La Marche de la vénerie ", est la reprise pure et
simple d'une série d'articles publiée en 1983 dans
la Revue nationale de la chasse. Mais des recherches et des réflexions
ultérieures à ce sujet m'ont permis de découvrir
bien des faits complémentaires et de me forger quelques
idées neuves : de quoi rendre plus complète et plus
forte une démonstration dont je n'ai certes rien à
retirer, mais dont je perçois clairement les lacunes. Résumées
en peu de mots, voici les principales :
1° Qui pouvait ressembler le plus à saint Louis rendant
la justice sous un chêne ? Nul autre que... saint Louis
écoutant le rapport et décidant du cerf de chasse
sous les mêmes frondaisons de Vincennes. Dans l'esprit des
rois et autres grands seigneurs moyenâgeux, le courre du
cerf était non seulement le meilleur entraînement
à la guerre, comme on l'a souligné à mainte
reprise, mais aussi une image de leur principale fonction en temps
de paix. Moyennant quoi, la moindre faute - de "jugement",
à l'attaque ou dans le change - pouvait s'apparenter à
une erreur judiciaire... et saper d'autant leur prestige et leur
autorité ! D'où cette obsession de se préserver
d'un tel écueil, qui leur fit inventer une vénerie
à nulle autre pareille.
2° Je n'ai pas assez mis en valeur un fait d'une importance
capitale : l'évolution de cette vénerie est toujours
allée dans le sens d'une " anglicisation ", et
ce, pourtant, sous l'impulsion des Valois puis des Bourbons !

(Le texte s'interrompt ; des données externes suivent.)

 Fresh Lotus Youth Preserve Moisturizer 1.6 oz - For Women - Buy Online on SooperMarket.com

Ces initiatives ne pouvant paraître ainsi que plus traîtresses
encore aux yeux des veneurs épris de tradition.
3° Je ne me suis procuré qu'après la publication
de mes articles La Vénerie royale de Salnove. Cette lecture
m'a convaincu qu'il fallait consacrer un nouveau chapitre à
cet auteur : d'abord pour pallier les très importantes
lacunes relatives au XVIIème siècle, ensuite pour
rendre sa place à ce grand maître injustement négligé
de nos jours, dont l'apport fut pourtant considérable.

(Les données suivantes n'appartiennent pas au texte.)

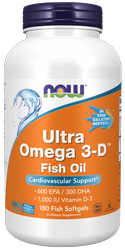 Ultra Omega 3-D™ (180 kaps.)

Personne avant lui n'a si bien parlé des murs du
cerf et de leur évolution au cours de son existence.
4° Au sujet du marquis de Dampierre, j'ai bien montré
l'ineptie de ses " fanfares pour faire connaître aux
Veneurs le Cerf que l'on court ", mais sans aller suffisamment
au fond des choses. En fait, il n'a composé que ce que
j'appellerai des " fanfares de circonstances de la vie du
Roi ", et seul ce dernier, c'est-à-dire Louis XV,
put avoir la lubie d'imaginer et le pouvoir d'imposer ce détournement
de sens proprement... insensé, qui allait semer la pagaille
dans la vénerie du cerf. En attribuant par exemple La Royale
au dix-cors et La Discrète à la seconde tête,
vit-il un moyen de se magnifier (lui-même et une partie
de sa famille, puisque la reine et le dauphin sont également
concernés), analogue à celui qui avait si bien réussi
à son arrière-grand-père quand il s'était
identifié au soleil ? C'est probable... Toujours est-il
que parmi les preuves de ce tour de passe-passe, voici au moins
la plus évidente : s'il fut vraiment question d'annoncer
la tête du cerf de chasse, toutes ces fanfares dateraient
de la même année que la plus ancienne, c'est-à-dire
de 1723. Alors que la soi-disant Troisième Tête n'est
que de 1729 !
Venons-en à la deuxième
partie de ce livre, intitulée par jeu " Requêtes,
rappels et bien-aller " : assez hétéroclite
et déséquilibrée, je l'avoue (mais ce livre
assume sa raison d'être - rassembler des éléments
éparpillés et disparates qui se sont superposés
au cours de toute sa vie...), elle regroupe quelques-uns des nombreux
textes sur le cerf que j'ai publiés ici ou là et
qui m'ont paru à peu près dignes d'être sauvés
de l'oubli. Contrairement à ceux de la première
partie, tous ont d'ailleurs été revus et corrigés
en temps utile. Seulement, la plupart le furent dans la perspective
d'un ouvrage que je comptais intituler "Les Chasses silencieuses
à travers les âges" et dans lequel devaient
figurer aussi le chevreuil et le sanglier, le mouflon et le chamois.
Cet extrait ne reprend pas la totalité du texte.